'''

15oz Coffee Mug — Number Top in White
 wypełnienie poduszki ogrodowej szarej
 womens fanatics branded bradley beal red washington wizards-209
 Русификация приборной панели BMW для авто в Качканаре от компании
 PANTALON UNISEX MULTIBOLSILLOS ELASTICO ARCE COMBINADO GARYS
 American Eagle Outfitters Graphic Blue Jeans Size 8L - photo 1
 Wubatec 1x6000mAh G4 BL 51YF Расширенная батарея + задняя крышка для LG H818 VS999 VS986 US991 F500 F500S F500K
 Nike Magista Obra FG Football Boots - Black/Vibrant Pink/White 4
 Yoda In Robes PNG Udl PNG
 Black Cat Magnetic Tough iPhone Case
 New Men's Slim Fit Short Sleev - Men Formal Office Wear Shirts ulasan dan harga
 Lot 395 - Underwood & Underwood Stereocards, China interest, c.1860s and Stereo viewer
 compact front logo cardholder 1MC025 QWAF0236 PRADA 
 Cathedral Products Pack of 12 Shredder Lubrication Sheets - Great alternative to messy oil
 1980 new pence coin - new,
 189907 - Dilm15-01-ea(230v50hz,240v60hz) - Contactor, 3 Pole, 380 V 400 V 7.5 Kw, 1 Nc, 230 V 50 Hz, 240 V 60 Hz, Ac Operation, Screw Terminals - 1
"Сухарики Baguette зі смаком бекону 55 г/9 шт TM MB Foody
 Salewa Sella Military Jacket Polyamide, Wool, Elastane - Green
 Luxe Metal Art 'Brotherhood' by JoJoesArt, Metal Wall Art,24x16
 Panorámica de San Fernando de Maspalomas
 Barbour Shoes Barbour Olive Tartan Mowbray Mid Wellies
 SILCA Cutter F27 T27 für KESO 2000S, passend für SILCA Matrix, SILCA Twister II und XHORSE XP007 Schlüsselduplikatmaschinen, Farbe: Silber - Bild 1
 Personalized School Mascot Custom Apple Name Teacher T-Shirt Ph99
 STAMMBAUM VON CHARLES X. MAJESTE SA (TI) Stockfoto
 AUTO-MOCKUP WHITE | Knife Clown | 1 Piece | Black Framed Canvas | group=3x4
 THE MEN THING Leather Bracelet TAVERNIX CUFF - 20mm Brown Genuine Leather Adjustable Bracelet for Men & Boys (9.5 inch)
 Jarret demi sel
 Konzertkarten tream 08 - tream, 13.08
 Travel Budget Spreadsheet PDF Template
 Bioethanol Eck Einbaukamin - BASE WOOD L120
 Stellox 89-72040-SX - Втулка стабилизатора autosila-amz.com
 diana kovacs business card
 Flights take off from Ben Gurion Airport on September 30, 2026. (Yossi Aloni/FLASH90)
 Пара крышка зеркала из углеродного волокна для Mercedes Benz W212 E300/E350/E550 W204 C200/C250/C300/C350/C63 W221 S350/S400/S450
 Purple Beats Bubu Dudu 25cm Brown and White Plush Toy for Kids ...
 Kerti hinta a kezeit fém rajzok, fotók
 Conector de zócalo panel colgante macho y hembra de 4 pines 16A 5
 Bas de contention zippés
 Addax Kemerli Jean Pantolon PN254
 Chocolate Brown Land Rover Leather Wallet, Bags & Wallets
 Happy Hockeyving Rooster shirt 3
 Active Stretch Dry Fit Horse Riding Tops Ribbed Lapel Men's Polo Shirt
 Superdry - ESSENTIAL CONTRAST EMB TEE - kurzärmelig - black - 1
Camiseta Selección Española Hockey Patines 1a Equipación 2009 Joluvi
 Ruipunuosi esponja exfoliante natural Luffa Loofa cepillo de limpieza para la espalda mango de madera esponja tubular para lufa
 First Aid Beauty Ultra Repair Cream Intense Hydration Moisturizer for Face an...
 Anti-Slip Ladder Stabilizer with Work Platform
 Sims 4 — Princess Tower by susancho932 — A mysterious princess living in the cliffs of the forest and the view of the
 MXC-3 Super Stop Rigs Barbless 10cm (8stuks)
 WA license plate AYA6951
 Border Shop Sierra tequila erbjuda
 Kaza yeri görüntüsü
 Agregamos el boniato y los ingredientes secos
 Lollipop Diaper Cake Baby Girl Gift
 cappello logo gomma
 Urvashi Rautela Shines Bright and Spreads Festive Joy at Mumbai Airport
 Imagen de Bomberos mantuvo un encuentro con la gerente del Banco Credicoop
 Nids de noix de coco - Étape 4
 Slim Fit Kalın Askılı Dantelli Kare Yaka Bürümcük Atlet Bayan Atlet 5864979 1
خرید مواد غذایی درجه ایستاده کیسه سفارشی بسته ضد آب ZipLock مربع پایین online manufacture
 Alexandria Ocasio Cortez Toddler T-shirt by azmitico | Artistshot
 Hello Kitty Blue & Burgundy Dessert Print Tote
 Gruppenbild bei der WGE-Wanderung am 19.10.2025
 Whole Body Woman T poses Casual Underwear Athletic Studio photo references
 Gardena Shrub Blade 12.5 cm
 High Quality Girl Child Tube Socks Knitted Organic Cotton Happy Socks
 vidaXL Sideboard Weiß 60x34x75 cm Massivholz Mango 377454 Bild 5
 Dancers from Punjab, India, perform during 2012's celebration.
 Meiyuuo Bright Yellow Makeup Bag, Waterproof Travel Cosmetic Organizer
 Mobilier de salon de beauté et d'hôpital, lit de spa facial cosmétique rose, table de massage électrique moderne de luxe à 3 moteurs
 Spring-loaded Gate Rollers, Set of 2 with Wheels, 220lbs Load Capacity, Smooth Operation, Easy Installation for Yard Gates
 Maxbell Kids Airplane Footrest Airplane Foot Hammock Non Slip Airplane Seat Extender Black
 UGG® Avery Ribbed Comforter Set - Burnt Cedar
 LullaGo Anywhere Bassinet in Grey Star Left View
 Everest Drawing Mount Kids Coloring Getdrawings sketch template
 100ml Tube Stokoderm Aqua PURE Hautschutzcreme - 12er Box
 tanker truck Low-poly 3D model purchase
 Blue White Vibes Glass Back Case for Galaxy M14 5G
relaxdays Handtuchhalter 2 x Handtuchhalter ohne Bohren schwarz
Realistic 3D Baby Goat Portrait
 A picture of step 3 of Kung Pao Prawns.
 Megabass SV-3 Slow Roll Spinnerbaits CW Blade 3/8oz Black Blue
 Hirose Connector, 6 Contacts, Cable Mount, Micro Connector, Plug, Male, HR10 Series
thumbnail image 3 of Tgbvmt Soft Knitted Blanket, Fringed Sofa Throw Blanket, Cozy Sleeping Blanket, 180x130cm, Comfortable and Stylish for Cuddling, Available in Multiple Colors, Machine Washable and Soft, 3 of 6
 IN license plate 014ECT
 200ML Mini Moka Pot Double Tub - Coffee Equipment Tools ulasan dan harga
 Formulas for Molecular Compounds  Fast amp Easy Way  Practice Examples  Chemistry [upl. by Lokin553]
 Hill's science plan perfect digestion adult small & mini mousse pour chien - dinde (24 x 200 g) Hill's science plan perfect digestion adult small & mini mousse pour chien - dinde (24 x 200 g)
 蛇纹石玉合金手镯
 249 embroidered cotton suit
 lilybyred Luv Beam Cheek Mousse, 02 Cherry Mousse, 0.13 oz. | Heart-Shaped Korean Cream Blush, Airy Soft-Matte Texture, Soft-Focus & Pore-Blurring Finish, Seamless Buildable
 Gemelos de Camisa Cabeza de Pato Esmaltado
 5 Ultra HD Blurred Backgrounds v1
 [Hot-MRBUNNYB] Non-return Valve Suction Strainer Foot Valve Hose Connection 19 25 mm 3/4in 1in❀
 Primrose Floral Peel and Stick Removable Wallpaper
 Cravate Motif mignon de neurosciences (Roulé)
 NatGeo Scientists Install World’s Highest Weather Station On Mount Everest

'''

### Work order:
What lines in the material mention "Happy"? Copy every one of them.

### Answer area:
 Happy Hockeyving Rooster shirt 3
 High Quality Girl Child Tube Socks Knitted Organic Cotton Happy Socks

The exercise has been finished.